▸ **BRIEF**: Copying exactly, give the lines in the material below from the one with "中钢协:6月中旬全国重点统计钢铁企业粗钢日产218.51万吨" to the one with "Bandolino brown leather", ends included, and nothing besides.

▸ **DATA LISTING**:
---

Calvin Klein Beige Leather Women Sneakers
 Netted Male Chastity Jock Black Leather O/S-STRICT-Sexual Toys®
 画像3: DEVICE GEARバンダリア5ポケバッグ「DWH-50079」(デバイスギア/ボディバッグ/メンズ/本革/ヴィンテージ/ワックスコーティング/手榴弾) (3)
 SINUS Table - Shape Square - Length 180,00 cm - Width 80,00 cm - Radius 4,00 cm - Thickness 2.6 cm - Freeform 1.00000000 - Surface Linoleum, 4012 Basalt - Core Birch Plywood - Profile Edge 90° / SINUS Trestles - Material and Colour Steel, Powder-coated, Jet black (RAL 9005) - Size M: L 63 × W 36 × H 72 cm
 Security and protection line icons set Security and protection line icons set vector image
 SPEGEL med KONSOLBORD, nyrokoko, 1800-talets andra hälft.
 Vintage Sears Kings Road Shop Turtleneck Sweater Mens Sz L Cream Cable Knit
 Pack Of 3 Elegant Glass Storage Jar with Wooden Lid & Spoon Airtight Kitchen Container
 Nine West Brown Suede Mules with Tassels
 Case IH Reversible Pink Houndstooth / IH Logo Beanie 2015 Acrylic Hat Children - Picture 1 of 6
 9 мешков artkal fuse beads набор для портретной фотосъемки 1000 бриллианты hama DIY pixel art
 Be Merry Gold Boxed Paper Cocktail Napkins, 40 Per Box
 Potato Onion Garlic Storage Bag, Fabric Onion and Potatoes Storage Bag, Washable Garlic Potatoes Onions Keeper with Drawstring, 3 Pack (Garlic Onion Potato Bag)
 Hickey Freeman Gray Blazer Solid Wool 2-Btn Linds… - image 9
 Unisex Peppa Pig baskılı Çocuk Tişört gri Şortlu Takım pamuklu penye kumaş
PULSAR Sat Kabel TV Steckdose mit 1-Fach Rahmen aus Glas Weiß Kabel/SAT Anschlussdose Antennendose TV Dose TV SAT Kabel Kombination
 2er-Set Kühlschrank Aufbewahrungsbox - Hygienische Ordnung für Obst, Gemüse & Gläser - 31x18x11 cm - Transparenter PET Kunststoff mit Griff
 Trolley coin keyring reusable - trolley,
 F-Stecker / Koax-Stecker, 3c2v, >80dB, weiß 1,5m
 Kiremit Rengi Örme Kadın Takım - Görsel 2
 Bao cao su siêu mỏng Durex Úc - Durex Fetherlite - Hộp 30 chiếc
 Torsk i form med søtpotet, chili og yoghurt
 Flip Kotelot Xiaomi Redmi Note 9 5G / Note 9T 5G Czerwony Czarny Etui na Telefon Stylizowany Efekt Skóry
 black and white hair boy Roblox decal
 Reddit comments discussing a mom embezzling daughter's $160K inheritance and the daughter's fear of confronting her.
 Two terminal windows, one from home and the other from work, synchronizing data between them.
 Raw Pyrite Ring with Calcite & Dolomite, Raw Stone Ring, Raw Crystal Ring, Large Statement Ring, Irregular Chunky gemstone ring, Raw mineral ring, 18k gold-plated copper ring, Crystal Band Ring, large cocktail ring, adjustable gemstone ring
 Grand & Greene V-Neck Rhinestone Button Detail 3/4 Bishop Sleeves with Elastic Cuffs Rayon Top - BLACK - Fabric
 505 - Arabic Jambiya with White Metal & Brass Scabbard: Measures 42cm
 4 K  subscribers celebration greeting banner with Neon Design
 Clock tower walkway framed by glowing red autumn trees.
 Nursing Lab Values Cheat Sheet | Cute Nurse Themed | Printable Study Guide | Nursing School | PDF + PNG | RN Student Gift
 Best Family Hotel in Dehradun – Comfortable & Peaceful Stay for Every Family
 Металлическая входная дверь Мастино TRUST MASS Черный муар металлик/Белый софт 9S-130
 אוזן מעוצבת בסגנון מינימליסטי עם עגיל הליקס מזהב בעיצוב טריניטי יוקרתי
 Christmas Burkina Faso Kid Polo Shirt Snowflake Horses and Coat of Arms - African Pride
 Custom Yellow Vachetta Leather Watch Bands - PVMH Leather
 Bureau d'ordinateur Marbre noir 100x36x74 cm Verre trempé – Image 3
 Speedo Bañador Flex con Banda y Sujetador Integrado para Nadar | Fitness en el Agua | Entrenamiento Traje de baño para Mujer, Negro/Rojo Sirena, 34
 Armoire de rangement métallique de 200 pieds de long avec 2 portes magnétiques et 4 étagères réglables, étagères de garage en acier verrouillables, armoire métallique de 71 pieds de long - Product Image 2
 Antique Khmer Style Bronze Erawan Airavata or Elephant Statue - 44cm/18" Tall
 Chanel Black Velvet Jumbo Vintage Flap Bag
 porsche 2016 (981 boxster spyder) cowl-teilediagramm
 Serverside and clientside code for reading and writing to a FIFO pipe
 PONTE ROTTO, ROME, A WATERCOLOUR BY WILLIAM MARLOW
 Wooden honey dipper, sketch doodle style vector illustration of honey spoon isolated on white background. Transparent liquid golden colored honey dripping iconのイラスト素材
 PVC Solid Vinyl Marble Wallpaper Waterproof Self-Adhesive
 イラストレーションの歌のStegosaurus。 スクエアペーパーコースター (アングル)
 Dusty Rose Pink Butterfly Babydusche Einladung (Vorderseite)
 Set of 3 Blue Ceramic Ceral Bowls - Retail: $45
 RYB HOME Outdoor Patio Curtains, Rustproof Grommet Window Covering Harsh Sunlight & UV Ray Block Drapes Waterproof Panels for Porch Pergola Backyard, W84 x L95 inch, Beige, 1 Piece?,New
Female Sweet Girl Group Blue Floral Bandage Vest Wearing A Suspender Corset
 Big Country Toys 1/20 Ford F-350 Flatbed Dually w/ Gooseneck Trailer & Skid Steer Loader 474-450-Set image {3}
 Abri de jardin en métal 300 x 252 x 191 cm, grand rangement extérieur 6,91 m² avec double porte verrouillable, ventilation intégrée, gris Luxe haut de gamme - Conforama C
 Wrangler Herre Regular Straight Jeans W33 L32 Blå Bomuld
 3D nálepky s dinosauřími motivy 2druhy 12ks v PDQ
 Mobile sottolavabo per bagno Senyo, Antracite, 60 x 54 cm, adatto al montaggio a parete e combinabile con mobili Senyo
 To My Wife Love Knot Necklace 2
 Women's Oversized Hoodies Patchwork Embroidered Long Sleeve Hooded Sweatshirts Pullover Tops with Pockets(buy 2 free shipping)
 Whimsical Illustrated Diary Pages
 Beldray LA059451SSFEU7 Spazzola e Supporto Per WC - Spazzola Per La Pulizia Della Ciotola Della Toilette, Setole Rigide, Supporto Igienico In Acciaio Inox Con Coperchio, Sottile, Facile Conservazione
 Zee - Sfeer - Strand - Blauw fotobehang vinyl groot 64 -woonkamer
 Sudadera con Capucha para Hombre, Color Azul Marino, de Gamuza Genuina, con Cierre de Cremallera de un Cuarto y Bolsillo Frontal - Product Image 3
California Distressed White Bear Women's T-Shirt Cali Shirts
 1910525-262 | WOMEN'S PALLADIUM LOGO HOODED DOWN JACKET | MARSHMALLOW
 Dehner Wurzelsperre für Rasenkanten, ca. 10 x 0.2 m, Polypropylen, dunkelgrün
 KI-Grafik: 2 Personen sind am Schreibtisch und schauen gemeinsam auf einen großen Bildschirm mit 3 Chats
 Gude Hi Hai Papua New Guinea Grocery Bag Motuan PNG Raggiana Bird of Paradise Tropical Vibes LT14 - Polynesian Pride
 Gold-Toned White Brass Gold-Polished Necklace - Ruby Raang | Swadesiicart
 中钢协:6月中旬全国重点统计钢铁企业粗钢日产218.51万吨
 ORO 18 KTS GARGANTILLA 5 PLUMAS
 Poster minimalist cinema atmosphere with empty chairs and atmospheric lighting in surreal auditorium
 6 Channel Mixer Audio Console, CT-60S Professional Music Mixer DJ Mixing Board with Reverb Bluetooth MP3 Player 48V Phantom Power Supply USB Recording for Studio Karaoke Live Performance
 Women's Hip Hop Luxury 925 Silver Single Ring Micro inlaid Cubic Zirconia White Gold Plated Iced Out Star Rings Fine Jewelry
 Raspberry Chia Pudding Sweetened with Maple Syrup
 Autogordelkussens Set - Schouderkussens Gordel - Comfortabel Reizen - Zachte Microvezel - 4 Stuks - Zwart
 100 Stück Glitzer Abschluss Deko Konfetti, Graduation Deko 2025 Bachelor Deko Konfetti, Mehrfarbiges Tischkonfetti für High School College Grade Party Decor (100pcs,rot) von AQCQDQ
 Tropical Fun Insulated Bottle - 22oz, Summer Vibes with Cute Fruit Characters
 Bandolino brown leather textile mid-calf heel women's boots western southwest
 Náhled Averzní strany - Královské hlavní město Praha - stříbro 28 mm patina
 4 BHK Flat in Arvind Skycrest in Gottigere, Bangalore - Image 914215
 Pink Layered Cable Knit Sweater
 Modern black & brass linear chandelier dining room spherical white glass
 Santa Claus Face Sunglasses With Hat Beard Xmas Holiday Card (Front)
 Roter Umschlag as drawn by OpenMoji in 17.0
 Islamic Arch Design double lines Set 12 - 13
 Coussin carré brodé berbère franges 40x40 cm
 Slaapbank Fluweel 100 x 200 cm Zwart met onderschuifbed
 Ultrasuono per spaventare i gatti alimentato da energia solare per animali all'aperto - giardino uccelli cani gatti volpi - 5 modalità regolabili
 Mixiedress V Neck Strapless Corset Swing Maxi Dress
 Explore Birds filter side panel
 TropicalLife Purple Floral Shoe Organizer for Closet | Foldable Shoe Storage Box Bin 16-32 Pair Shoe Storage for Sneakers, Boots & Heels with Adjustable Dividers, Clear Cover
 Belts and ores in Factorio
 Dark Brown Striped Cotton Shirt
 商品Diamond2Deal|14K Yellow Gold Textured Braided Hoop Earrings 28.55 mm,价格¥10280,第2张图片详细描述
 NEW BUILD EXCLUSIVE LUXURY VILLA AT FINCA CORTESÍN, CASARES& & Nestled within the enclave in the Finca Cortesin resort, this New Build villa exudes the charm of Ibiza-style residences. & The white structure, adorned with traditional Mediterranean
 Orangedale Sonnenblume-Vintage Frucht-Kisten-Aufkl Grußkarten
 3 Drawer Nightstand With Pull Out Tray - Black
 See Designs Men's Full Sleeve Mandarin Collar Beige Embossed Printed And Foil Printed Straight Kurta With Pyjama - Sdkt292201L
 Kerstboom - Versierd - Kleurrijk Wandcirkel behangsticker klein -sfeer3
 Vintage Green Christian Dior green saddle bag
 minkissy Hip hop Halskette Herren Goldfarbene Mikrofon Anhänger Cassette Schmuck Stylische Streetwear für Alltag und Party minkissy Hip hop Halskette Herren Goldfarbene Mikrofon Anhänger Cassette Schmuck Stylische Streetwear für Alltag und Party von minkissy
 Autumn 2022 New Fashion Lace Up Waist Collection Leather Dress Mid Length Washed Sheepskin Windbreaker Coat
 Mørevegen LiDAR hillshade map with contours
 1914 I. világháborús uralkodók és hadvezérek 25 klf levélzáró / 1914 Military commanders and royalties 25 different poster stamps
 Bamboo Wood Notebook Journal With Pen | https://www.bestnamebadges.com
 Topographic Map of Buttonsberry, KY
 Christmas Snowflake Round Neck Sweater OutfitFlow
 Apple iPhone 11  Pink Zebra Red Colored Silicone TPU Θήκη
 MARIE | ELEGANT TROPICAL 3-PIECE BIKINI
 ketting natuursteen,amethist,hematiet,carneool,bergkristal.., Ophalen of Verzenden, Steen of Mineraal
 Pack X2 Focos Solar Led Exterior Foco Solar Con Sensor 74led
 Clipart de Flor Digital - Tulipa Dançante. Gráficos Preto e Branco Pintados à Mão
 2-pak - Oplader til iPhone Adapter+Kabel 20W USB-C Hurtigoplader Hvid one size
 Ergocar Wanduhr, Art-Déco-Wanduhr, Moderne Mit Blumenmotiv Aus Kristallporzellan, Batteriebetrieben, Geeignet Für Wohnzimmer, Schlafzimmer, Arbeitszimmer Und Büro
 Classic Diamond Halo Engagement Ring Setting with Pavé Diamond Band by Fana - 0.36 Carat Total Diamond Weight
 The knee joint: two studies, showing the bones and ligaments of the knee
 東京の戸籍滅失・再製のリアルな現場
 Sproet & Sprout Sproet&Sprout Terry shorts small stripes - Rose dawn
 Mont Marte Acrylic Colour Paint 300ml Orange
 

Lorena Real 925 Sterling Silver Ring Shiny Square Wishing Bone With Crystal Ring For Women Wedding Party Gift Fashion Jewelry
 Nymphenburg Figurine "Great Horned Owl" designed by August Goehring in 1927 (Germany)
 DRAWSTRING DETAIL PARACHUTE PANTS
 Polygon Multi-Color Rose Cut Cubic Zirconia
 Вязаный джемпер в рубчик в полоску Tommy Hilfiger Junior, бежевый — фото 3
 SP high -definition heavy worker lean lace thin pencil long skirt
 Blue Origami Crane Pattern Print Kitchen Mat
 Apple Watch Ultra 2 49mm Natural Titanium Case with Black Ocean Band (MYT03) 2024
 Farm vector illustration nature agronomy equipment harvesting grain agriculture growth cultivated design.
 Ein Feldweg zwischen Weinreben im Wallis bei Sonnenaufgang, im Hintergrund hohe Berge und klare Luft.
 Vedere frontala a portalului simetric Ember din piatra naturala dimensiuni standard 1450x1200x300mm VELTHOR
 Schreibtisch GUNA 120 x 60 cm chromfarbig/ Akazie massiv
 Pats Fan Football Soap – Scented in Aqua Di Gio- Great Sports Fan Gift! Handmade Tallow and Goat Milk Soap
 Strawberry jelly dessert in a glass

---

▸ **WRITTEN ANSWER**:
 中钢协:6月中旬全国重点统计钢铁企业粗钢日产218.51万吨
 ORO 18 KTS GARGANTILLA 5 PLUMAS
 Poster minimalist cinema atmosphere with empty chairs and atmospheric lighting in surreal auditorium
 6 Channel Mixer Audio Console, CT-60S Professional Music Mixer DJ Mixing Board with Reverb Bluetooth MP3 Player 48V Phantom Power Supply USB Recording for Studio Karaoke Live Performance
 Women's Hip Hop Luxury 925 Silver Single Ring Micro inlaid Cubic Zirconia White Gold Plated Iced Out Star Rings Fine Jewelry
 Raspberry Chia Pudding Sweetened with Maple Syrup
 Autogordelkussens Set - Schouderkussens Gordel - Comfortabel Reizen - Zachte Microvezel - 4 Stuks - Zwart
 100 Stück Glitzer Abschluss Deko Konfetti, Graduation Deko 2025 Bachelor Deko Konfetti, Mehrfarbiges Tischkonfetti für High School College Grade Party Decor (100pcs,rot) von AQCQDQ
 Tropical Fun Insulated Bottle - 22oz, Summer Vibes with Cute Fruit Characters
 Bandolino brown leather textile mid-calf heel women's boots western southwest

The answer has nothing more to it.